Der frühere FDP-Vorsitzende und Bundesfinanzminister Christian Lindner hat die Pläne von Bundeskanzler Friedrich Merz (CDU) für eine kapitalgedeckte Rente mit Spott und deutlicher Kritik kommentiert. „Man fragt sich, was hat Friedrich Merz früher beruflich gemacht“, sagte Lindner dem „Tagesspiegel“ mit Blick auf die vorgeschlagene Anlagestrategie. Merz hatte das Konzept der Rentenkommission aufgegriffen, wonach Arbeitgeber und Beschäftigte künftig zwei Prozent des Bruttoeinkommens in eine Kapitalrente einzahlen sollen.
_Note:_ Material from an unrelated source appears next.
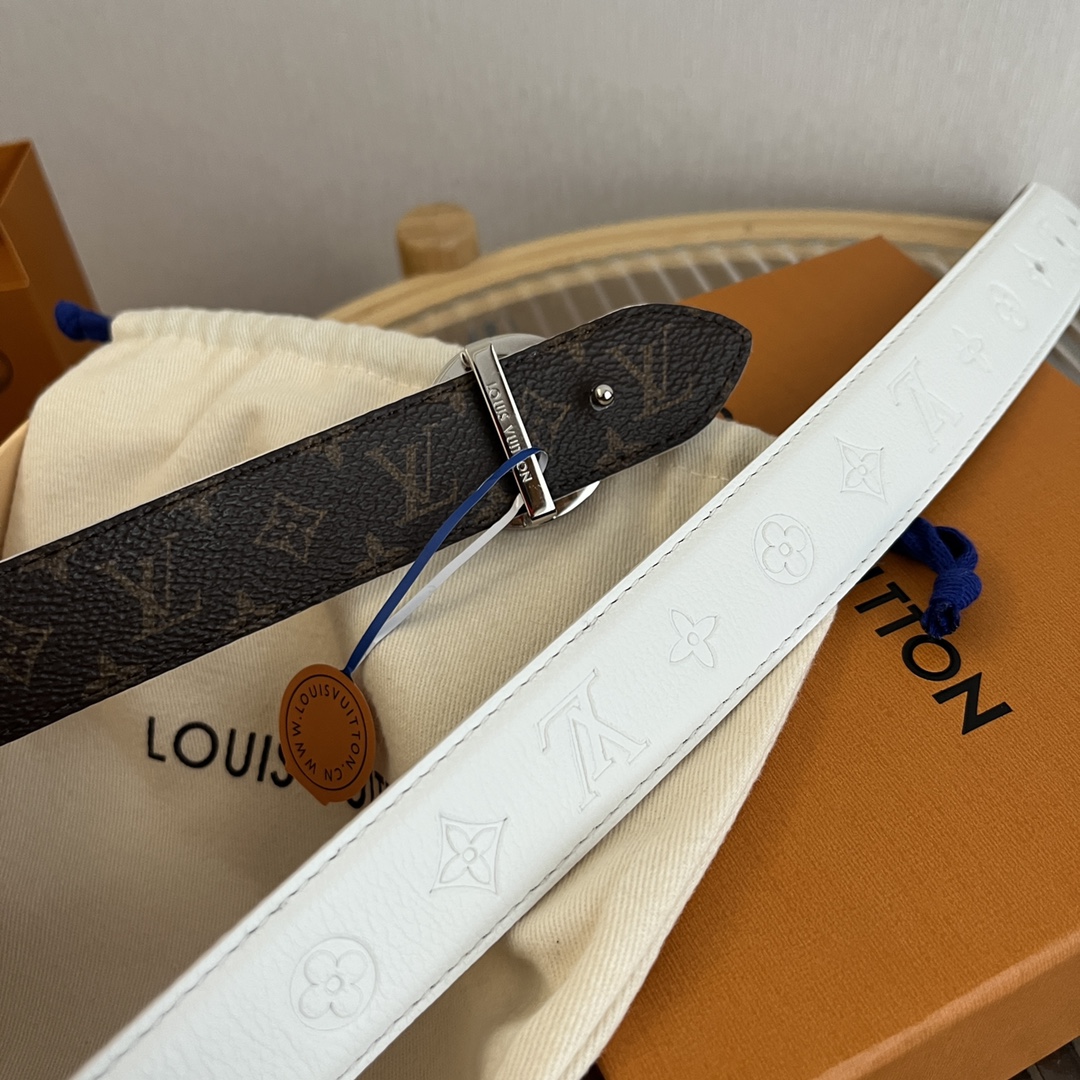 Louis Vuitton Women's Reversible Canvas and Leather Belt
Merz‘ Wirtschaftsstimulus versus Lindners Diversifikationsgebot
Bundeskanzler Friedrich Merz hatte die Kapitalrente als wichtigen Impuls für die heimische Wirtschaft angepriesen. „Durch die Beiträge kommen jährlich in Zukunft mindestens 30 Milliarden Euro zusammen, die für den deutschen Kapitalmarkt und für die Investitionen der Unternehmen in Deutschland zur Verfügung stehen“, erklärte Merz auf dem Tag der Industrie. Lindner konterte: „Das Argument überrascht wirklich. Das Kapital, das angespart wird, das darf gar nicht überwiegend nur in Deutschland angelegt werden. Das muss weltweit diversifiziert werden, um eine im Risiko gestreute, sichere und profitable Anlage zu haben.“
Noch ist völlig offen, wie die Gelder aus der Kapitalrente konkret angelegt werden sollen. Zwar könnte ein Teil auch in Deutschland investiert werden, doch um ähnlich hohe Renditen wie etwa die schwedische Rente zu erzielen, müsste ein Großteil der Mittel im Ausland angelegt werden. Anja Mikus, Chefin des Atomfonds Kenfo, der als möglicher Verwalter der Beiträge gilt, betonte: „Entscheidend ist, dass über einen langfristigen Anlagehorizont eine breite Streuung diszipliniert beibehalten wird.“
Lindner: Beitragserhöhung ist „Standortrisiko erster Klasse“
Lindner äußerte sich prinzipiell zustimmend zu den Plänen, die die FDP bereits im Wahlkampf 2021 gefordert hatte. „Ein paar Details hätte ich da anders gemacht, aber es ist dennoch zu begrüßen, dass nun Millionen Menschen Zugang zum Kapitalmarkt erhalten“, sagte er. Scharf kritisierte er jedoch die geplante Finanzierung über zusätzliche Beiträge. „Die Arbeitskosten weiter zu verteuern, ist ein Standortrisiko erster Klasse“, warnte Lindner, der inzwischen Vertriebsvorstand der Handelskette Autoland ist.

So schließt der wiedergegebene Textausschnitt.